DEMOCRAZY.ID — Kritik pedas kembali menghantam gerbong kekuasaan pemerintahan Presiden Prabowo Subianto.
Kali ini, sorotan tajam datang dari akademisi sekaligus pengamat kebijakan publik, Muhammad Syukur Mandar, yang secara terbuka melayangkan mosi tidak percaya terhadap komitmen pemberantasan korupsi di bawah kepemimpinan saat ini.
Jurang Lebar Antara Retorika dan Realitas Lapangan
Syukur menilai terdapat ketimpangan yang sangat mengkhawatirkan antara gelombang pidato antikorupsi yang kerap dikumandangkan oleh Prabowo dengan kebijakan serta tindakan nyata aparat pemerintah di lapangan.
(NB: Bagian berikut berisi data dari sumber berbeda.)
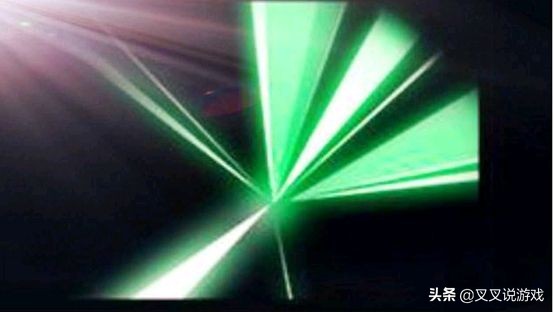 dnf每日必刷日常摸金,手游dnf挣钱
Menurutnya, sebuah perubahan besar di tubuh bangsa tidak akan pernah terwujud sekadar lewat retorika manis, melainkan harus dimulai dari perombakan fundamental terhadap sistem hukum, sistem politik, dan institusi penegak hukum.
“Sudah dua tahun. Pidato-pidato Presiden Prabowo tidak menggambarkan kepada kita apa yang dia lakukan. Apa yang dia ucapkan itu tidak dia lakukan. Apa yang dia lakukan tidak dia ucapkan,” kritik Syukur tajam.
Ia menegaskan bahwa titik tolak keberhasilan seorang pemimpin negara diuji dari keberaniannya membongkar akar sistemik yang rusak, bukan sekadar memelihara status quo.
“Sesungguhnya satu hal yang kita harus lihat di Presiden Prabowo hari ini adalah ketika dia ingin mengubah bangsa ini, maka dia mulai dari mana? Sistem hukum kita, sistem politik kita, sistem pemberantasan korupsi kita,” sambungnya.
Tidak berhenti pada tataran makro, Syukur secara blak-blakan menyeret sejumlah program unggulan pemerintah ke hadapan publik, termasuk program Makan Bergizi Gratis (MBG) serta Koperasi Desa Merah Putih (KDMP).
Ia menuding bahwa pelaksanaan program-program tersebut tidak luput dari bayang-bayang praktik penyimpangan dan penyelewengan anggaran.
Lebih jauh, ia melontarkan tudingan keras bahwa lingkaran kekuasaan tertinggi terkesan mengetahui dan membiarkan praktik-praktik kotor tersebut terus berjalan tanpa ada tindakan korektif yang tegas.
“Kalau Presiden membiarkan orang yang mencuri uang itu, Presiden tahu orang itu mencuri, kenapa dia membiarkan proyek MBG itu berjalan? Presiden tahu bahwa ada korupsi di situ. Motifnya, Presiden tahu yang mencuri siapa. Presiden tahu siapa yang menyalahgunakan Koperasi Desa,” ujar Syukur dengan nada geram.
Sebagai ilustrasi atas dugaannya terhadap pembiaran tindak pidana tersebut, ia menggunakan analogi pengandaian yang menohok:
“Kalau orang tidak punya motif untuk membenarkan kamu mencuri sesuatu, dia akan memotong tanganmu. Tapi kalau orang punya motif untuk membiarkan kamu mencuri sesuatu, dia bikin undang-undang melindungi kamu. Sederhana begitu.”
Kritik tersebut akhirnya bermuara pada kesimpulan subjektif sang pengamat yang menyoroti carut-marut penegakan hukum di institusi kejaksaan, kepolisian, hingga tata kelola program strategis nasional yang disinyalir sarat konspirasi.
“Dalam kasus kejaksaan dan polisi, terkonfirmasi. Dalam kasus MBG, dalam kasus KDMP, terkonfirmasi. Presiden pelihara korupsi,” pungkasnya tegas.
Hingga laporan dan pernyataan ini ditayangkan ke ruang publik, belum ada keterangan atau tanggapan resmi dari Presiden Prabowo Subianto maupun pihak Istana Kepresidenan untuk merespons tudingan serius mengenai dugaan pembiaran praktik korupsi tersebut.
Seluruh pihak yang diseret dalam pusaran kritik ini tentu memiliki hak penuh untuk memberikan klarifikasi demi menjaga objektivitas informasi di tengah dinamika politik nasional.